## Task goal:
Where a line of the records contains the word "will", show that line.
─── Information ───
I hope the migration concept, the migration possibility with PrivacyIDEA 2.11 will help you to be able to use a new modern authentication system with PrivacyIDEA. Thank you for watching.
───
─── Information ───
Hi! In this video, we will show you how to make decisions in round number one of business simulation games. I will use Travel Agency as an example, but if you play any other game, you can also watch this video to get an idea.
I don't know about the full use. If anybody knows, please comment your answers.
───
## Output for this exercise:
I hope the migration concept, the migration possibility with PrivacyIDEA 2.11 will help you to be able to use a new modern authentication system with PrivacyIDEA. Thank you for watching.
Hi! In this video, we will show you how to make decisions in round number one of business simulation games. I will use Travel Agency as an example, but if you play any other game, you can also watch this video to get an idea.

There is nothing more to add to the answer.